Differentiability of composition with every path implies differentiability I'm struggling with this problem from my book Curso de Analise Vol. 2 by Elon Lages Lima.
Let $U\subseteq \mathbb{R}^n$ be an open set, $a\in U$ and $f:U\to \mathbb{R}$ with the following property: for every $v\in \mathbb{R}^n$ and every path and $g:(-\epsilon,\epsilon)\to U$ with $g(0)=a$ and $g'(0)=v$ the composite map $f\circ g:(-\epsilon,\epsilon)\to R$ satisfies $(f\circ g)'(0)=T(v)$ where $T:\mathbb{R}^n\to\mathbb{R}$ is a fixed linear transformation. Prove that $f$ is differentiable at $a$.
It's clear that one must have $f'(a)=T$ so one has to prove
\begin{equation}
\tag 0\lim_{v\to 0}\frac{f(a+v)-f(a)-T(v)}{|v|}=0
\end{equation}
I can't think of any path other than $t\mapsto a+tv$ but then I'm not using the hypothesis to its full strength. I also tried a proof by negating that limit and trying to construct a path from there, but didn't succeed. 
How do I approach the problem? Any hints?

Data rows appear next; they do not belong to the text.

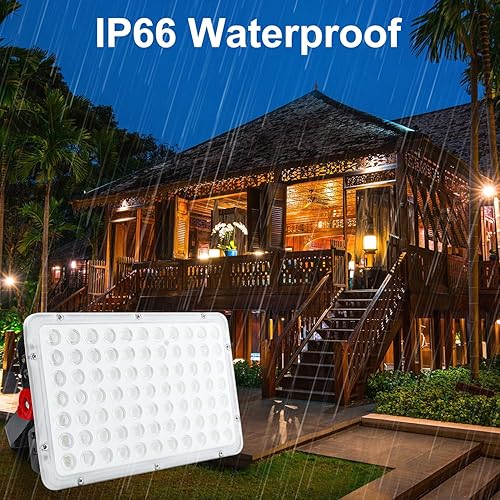 Miniatura 5 de Indmird Paquete de 2 reflectores LED de 200 W, luces de inundación exteriores, luces de inundación al aire libre, luz de inundación enchufable, para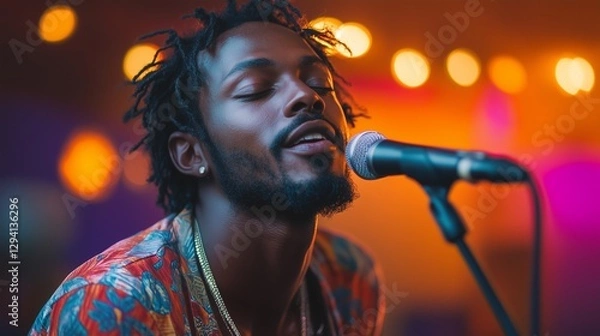 Fototapeta A man with dreadlocks passionately sings into a microphone on a vibrant stage with warm glowing lights
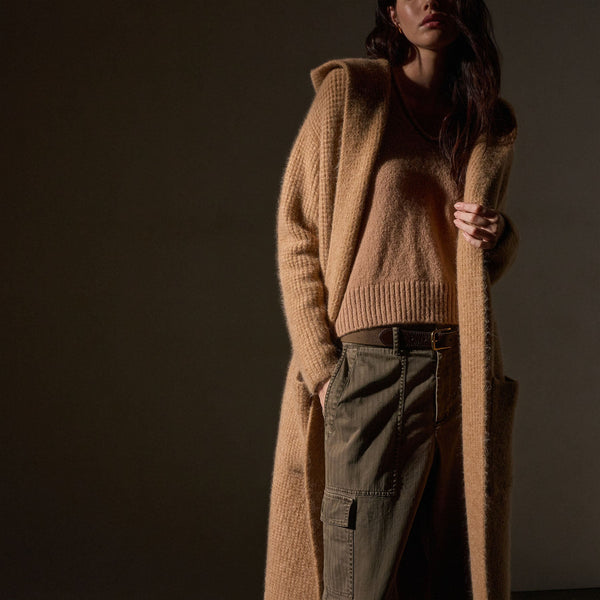 James Perse Chunky Waffle Knit Hooded Coat Camel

 A: I'll accept zhw.'s hint but write the full answer here because the question has received some attention.
Suppose the limit in $(0)$ doesnt exist, then there exists a sequence $v_k$ with $v_k\to 0$ and $v_k\neq 0$ such that 
$$\tag 1\frac{|f(a+ v_k) - f(a) - Tv_k|}{|v_k|} \ge \epsilon$$
for all $k$. Write $v_k=r_ku_k$ where $r_k=|v_k|$ and $|u_k|=1$. Then some subsequence of $u_k,$ which I'll still denote by $u_k,$ converges to some $u, |u|=1.$ Passing to a further subsequence if necessary, we can assume $r_1>r_2 >\cdots.$ Now this is the tricky part: how to define $g$. First we define $g$ in $[0,r_1]$. Set $g(0)=a$. For $t\in (0,r_1]$, since $r_k\to 0$ and $r_1>r_2>\cdots$ there is a $k$ such that $t\in[r_{k+1},r_k]$ and we set
$$g(t)=a+r_{k+1}\frac{r_k-t}{r_k-r_{k+1}}u_{k+1}+r_k\frac{t-r_{k+1}}{r_k-r_{k+1}}u_k$$
It's easy to see that $g$ is well defined and $g(r_k)=a+v_k$. Now if $t\in [r_{k+1},r_k]$
$$\frac{g(t)-g(0)}{t}-u=\frac{r_{k+1}(r_k-t)(u_{k+1}-u)+r_k(t-r_{k+1})(u_k-u)}{t(r_k-r_{k+1})}$$
From which one can prove $g_+'(0)=u$. If we set $g(t)=-g(-t)$ for $t\in [-r_1,0]$ we get $g'(0)=u$.
We should have $(f\circ g)'(0)=Tu$, i.e. 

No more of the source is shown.